■ What you need to do: Lines from the start of the data through the line containing "Get some cotton" must be given again exactly. Leave the others out.

Stored items
========================================================================

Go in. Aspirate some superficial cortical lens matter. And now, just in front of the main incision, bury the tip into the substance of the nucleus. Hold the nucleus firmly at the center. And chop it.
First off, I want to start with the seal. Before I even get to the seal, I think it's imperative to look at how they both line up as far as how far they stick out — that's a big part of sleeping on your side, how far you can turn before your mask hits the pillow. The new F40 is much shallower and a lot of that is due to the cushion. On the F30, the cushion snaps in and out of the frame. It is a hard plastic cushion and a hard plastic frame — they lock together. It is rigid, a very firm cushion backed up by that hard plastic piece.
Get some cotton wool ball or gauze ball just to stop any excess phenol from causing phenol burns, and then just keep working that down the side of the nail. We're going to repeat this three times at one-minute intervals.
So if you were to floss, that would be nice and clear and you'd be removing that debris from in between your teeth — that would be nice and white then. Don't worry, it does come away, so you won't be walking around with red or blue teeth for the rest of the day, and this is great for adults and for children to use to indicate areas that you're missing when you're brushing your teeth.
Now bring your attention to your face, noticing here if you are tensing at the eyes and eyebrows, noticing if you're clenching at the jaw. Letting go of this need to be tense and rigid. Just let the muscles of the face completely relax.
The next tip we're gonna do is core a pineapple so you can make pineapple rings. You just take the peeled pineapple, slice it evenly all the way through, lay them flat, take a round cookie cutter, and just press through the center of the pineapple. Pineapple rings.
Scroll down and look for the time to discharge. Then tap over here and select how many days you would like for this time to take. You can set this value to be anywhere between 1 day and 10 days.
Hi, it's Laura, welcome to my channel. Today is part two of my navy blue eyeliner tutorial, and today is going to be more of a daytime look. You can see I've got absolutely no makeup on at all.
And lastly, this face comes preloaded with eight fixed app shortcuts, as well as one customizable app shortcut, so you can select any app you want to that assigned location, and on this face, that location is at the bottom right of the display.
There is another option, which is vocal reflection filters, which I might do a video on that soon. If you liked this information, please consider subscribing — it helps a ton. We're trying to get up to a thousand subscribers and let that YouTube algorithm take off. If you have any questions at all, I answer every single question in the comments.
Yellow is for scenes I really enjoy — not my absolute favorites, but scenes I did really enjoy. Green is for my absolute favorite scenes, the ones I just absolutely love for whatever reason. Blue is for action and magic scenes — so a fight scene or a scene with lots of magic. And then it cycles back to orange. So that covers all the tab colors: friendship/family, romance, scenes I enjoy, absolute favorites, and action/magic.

========================================================================

■ Reply:
Go in. Aspirate some superficial cortical lens matter. And now, just in front of the main incision, bury the tip into the substance of the nucleus. Hold the nucleus firmly at the center. And chop it.
First off, I want to start with the seal. Before I even get to the seal, I think it's imperative to look at how they both line up as far as how far they stick out — that's a big part of sleeping on your side, how far you can turn before your mask hits the pillow. The new F40 is much shallower and a lot of that is due to the cushion. On the F30, the cushion snaps in and out of the frame. It is a hard plastic cushion and a hard plastic frame — they lock together. It is rigid, a very firm cushion backed up by that hard plastic piece.
Get some cotton wool ball or gauze ball just to stop any excess phenol from causing phenol burns, and then just keep working that down the side of the nail. We're going to repeat this three times at one-minute intervals.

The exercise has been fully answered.